## [What you need to do]
Transcribe only the part of the material below that begins at the line containing "ECCO Men's Track" and ends at the line containing "Chemical structure of", with both kept and images left out.

## [Data]

※

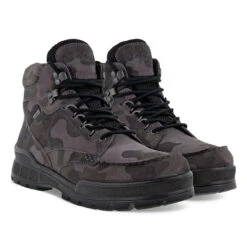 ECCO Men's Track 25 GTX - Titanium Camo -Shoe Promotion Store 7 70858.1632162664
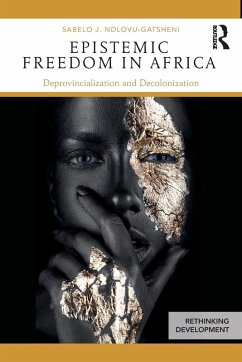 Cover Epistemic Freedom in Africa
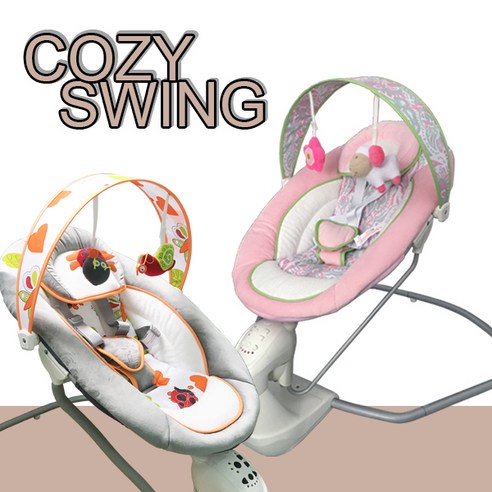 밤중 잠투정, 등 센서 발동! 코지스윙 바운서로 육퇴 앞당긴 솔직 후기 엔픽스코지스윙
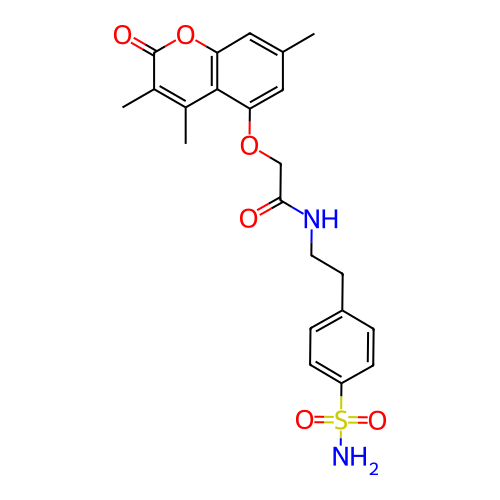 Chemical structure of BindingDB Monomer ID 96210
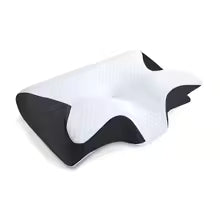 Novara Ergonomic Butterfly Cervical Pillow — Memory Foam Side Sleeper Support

※

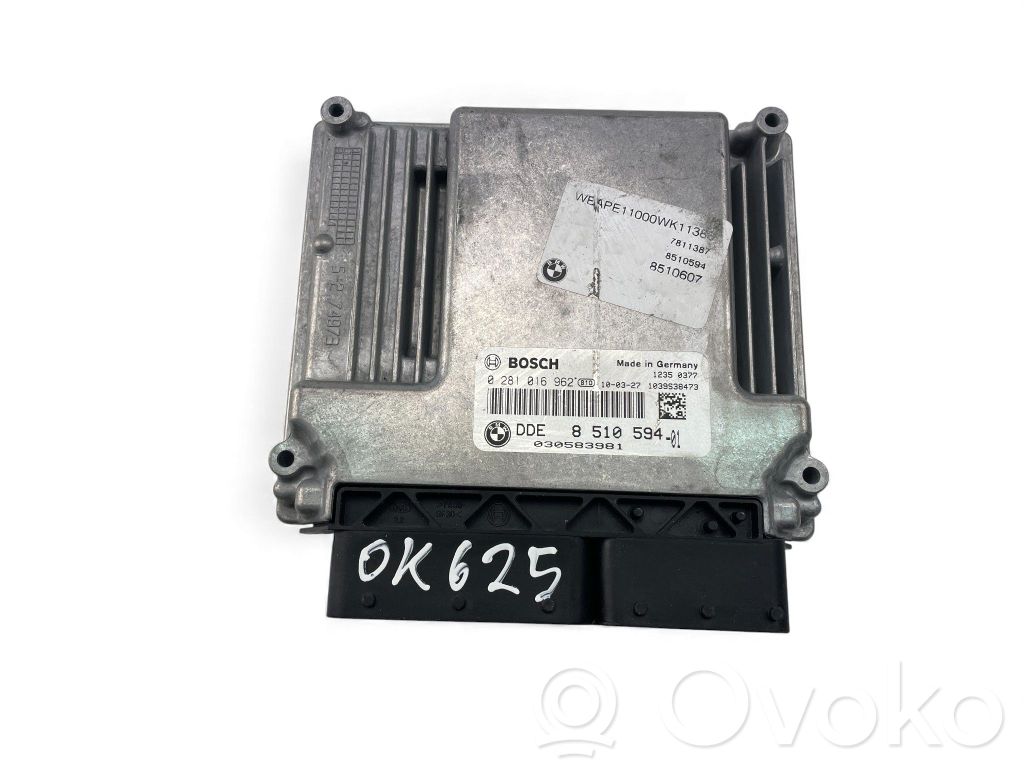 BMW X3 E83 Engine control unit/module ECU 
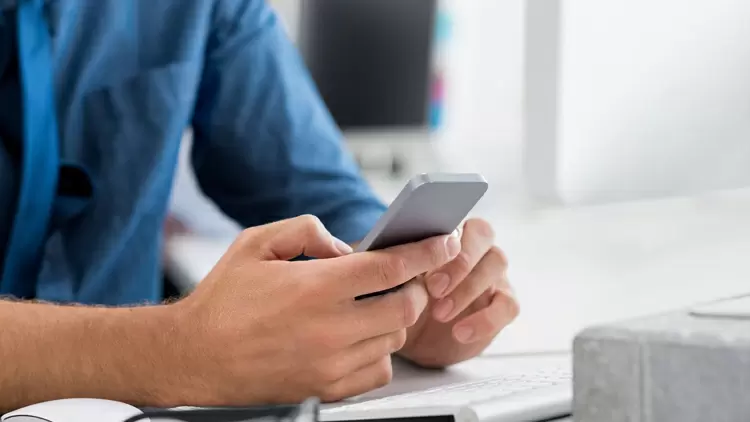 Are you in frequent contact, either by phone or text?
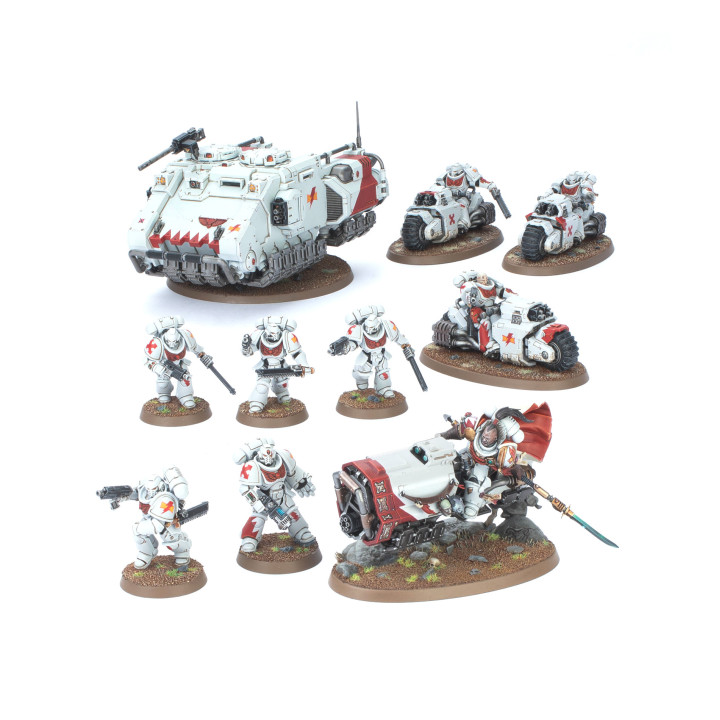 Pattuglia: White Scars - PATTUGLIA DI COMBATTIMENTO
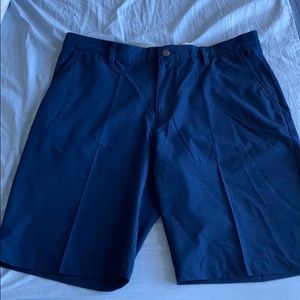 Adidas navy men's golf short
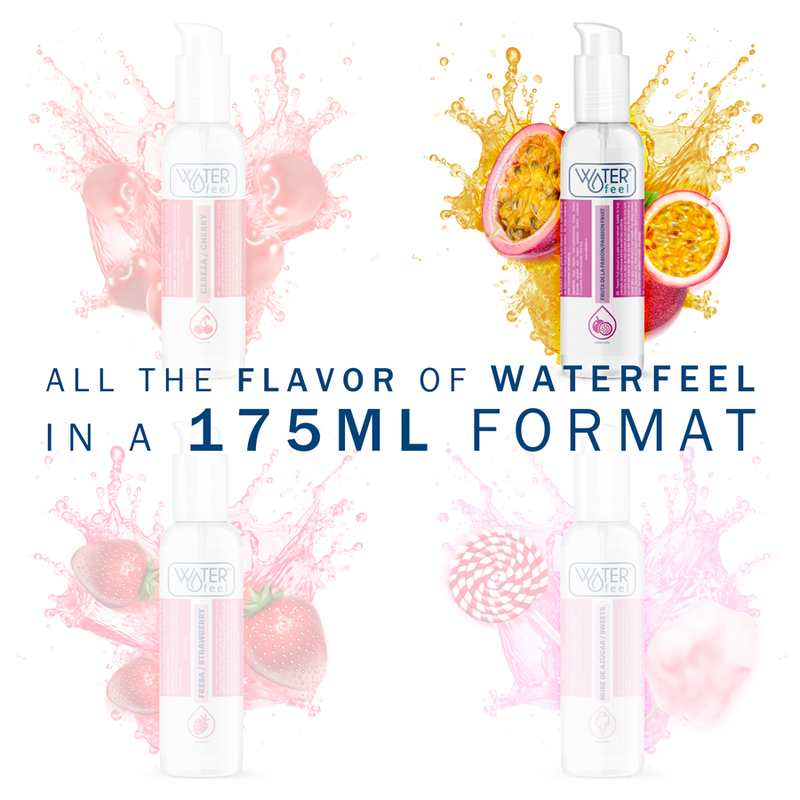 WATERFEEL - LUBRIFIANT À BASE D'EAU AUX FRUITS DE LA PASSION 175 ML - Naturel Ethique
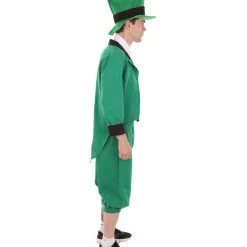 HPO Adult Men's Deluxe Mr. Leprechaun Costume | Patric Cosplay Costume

※

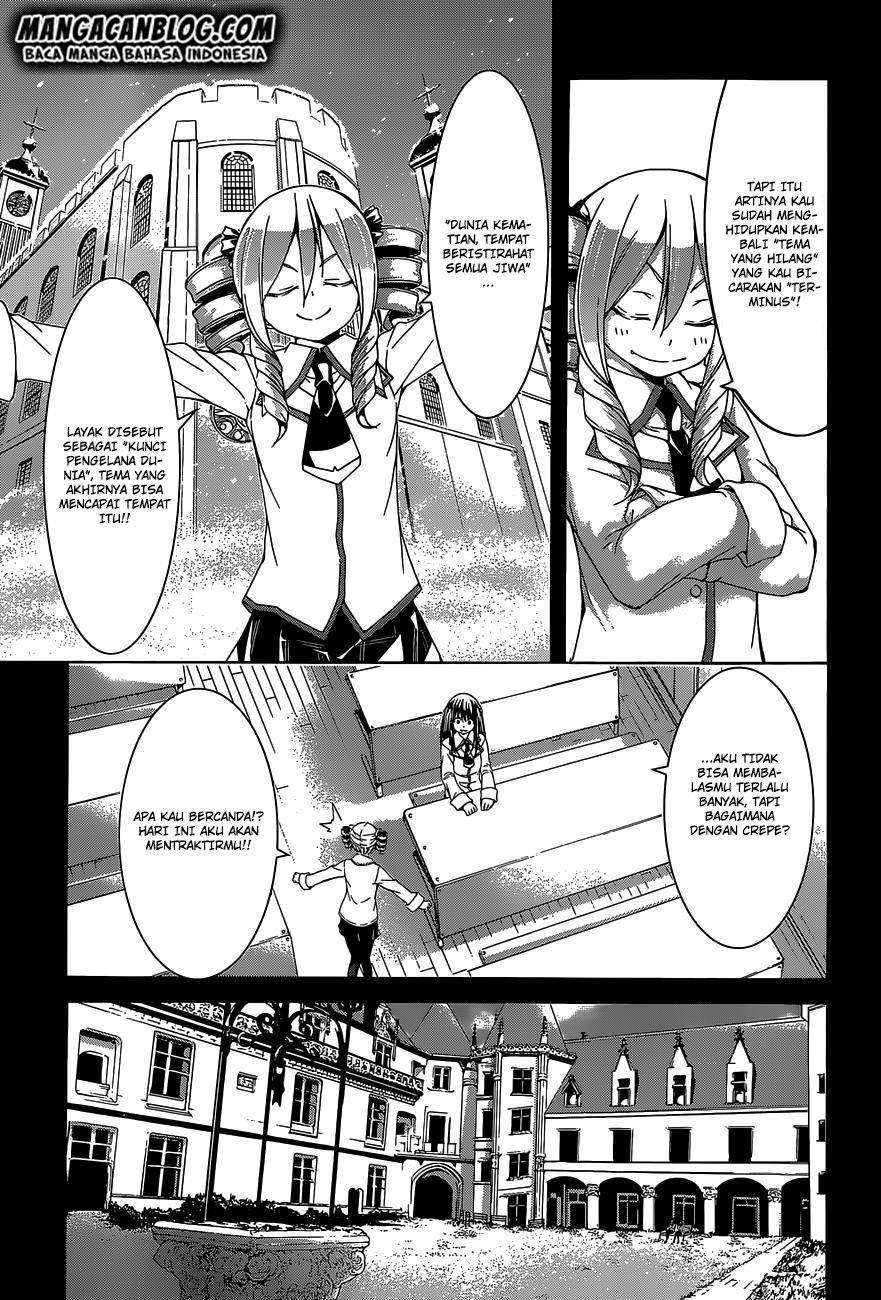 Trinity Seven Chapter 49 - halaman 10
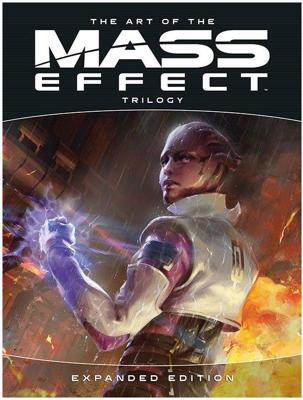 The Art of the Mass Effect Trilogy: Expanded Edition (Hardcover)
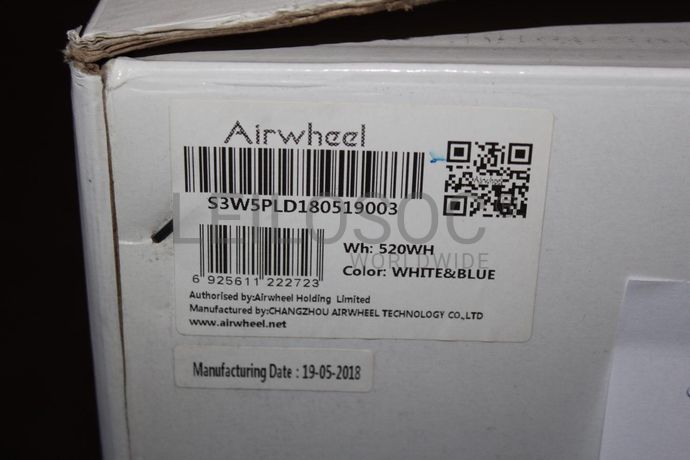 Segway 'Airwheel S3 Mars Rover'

※

## [Written answer]
 ECCO Men's Track 25 GTX - Titanium Camo -Shoe Promotion Store 7 70858.1632162664
 Cover Epistemic Freedom in Africa
 밤중 잠투정, 등 센서 발동! 코지스윙 바운서로 육퇴 앞당긴 솔직 후기 엔픽스코지스윙
 Chemical structure of BindingDB Monomer ID 96210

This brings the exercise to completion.